» EXERCISE AIM:
Using the records below, quote only the span that opens with the line containing "Катаклизмы, которые могут грозить Земле" and closes with the line containing "好记性不如烂笔头50字,好记性不如烂笔头课文阅读题", exactly and inclusively.

(Dataset items)
---

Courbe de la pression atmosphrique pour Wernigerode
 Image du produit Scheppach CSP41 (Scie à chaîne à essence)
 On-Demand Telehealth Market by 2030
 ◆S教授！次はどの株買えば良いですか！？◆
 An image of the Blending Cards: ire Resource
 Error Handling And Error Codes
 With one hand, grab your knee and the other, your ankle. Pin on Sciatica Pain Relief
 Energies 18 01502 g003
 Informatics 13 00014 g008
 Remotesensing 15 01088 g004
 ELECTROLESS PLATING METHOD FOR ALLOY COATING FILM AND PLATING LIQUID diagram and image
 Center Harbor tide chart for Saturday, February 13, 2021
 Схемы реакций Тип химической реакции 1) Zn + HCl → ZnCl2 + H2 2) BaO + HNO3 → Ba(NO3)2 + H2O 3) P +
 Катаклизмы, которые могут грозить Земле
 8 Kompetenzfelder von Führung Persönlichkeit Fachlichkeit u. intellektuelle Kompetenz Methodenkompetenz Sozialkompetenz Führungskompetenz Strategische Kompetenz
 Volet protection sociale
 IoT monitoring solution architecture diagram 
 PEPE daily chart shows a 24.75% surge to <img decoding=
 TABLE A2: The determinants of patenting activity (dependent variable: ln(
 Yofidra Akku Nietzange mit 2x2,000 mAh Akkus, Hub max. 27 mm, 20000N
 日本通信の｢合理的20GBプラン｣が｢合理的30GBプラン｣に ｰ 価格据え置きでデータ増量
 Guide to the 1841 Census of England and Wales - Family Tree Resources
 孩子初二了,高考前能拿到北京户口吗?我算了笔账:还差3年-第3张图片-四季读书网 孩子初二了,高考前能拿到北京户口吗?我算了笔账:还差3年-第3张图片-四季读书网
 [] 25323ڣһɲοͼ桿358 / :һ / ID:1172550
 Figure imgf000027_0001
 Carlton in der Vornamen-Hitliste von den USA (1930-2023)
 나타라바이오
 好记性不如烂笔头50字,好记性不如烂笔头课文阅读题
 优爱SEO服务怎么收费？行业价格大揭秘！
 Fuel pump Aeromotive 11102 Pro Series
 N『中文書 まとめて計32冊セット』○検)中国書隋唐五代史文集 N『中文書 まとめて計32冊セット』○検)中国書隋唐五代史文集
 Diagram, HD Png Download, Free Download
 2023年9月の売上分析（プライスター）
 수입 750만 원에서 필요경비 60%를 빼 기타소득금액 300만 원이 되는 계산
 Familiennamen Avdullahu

---

» WRITTEN RESPONSE:
 Катаклизмы, которые могут грозить Земле
 8 Kompetenzfelder von Führung Persönlichkeit Fachlichkeit u. intellektuelle Kompetenz Methodenkompetenz Sozialkompetenz Führungskompetenz Strategische Kompetenz
 Volet protection sociale
 IoT monitoring solution architecture diagram 
 PEPE daily chart shows a 24.75% surge to <img decoding=
 TABLE A2: The determinants of patenting activity (dependent variable: ln(
 Yofidra Akku Nietzange mit 2x2,000 mAh Akkus, Hub max. 27 mm, 20000N
 日本通信の｢合理的20GBプラン｣が｢合理的30GBプラン｣に ｰ 価格据え置きでデータ増量
 Guide to the 1841 Census of England and Wales - Family Tree Resources
 孩子初二了,高考前能拿到北京户口吗?我算了笔账:还差3年-第3张图片-四季读书网 孩子初二了,高考前能拿到北京户口吗?我算了笔账:还差3年-第3张图片-四季读书网
 [] 25323ڣһɲοͼ桿358 / :һ / ID:1172550
 Figure imgf000027_0001
 Carlton in der Vornamen-Hitliste von den USA (1930-2023)
 나타라바이오
 好记性不如烂笔头50字,好记性不如烂笔头课文阅读题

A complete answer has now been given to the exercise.